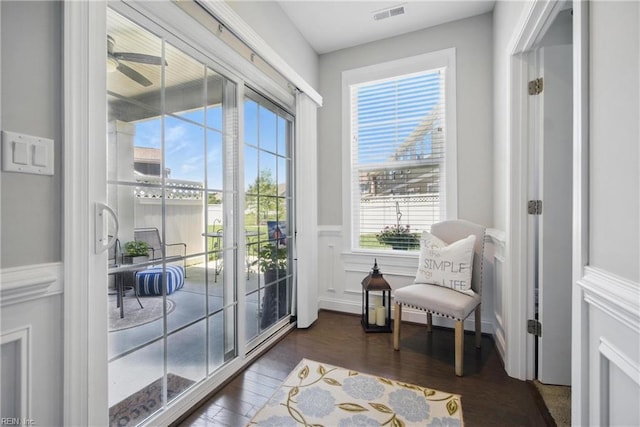 entryway with wainscoting, dark wood finished floors, ceiling fan, and a decorative wall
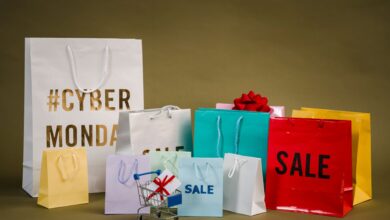 Colorful shopping bags with Cyber Monday and sale text, featuring a mini cart with gifts.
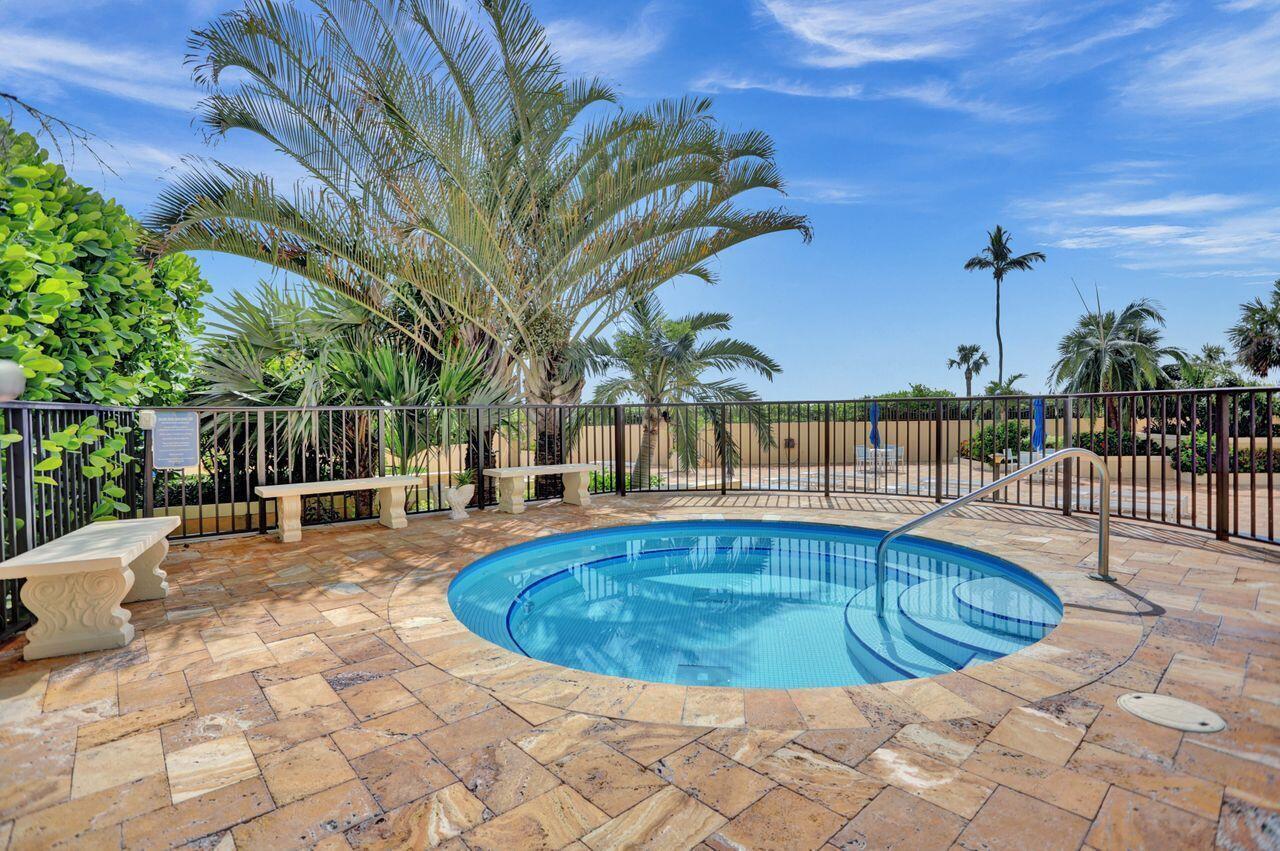 100 Ocean Trail Way, Unit 109 Jupiter, FL 33477 - Photo 17 of 27 a view of a swimming pool with a patio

Task: Transcribe only the lines between the line containing "Colorful shopping bags" and the final line of the listing, inclusive, exactly as they appear; no pictures are to be included.

Answer section:
 Colorful shopping bags with Cyber Monday and sale text, featuring a mini cart with gifts.
 100 Ocean Trail Way, Unit 109 Jupiter, FL 33477 - Photo 17 of 27 a view of a swimming pool with a patio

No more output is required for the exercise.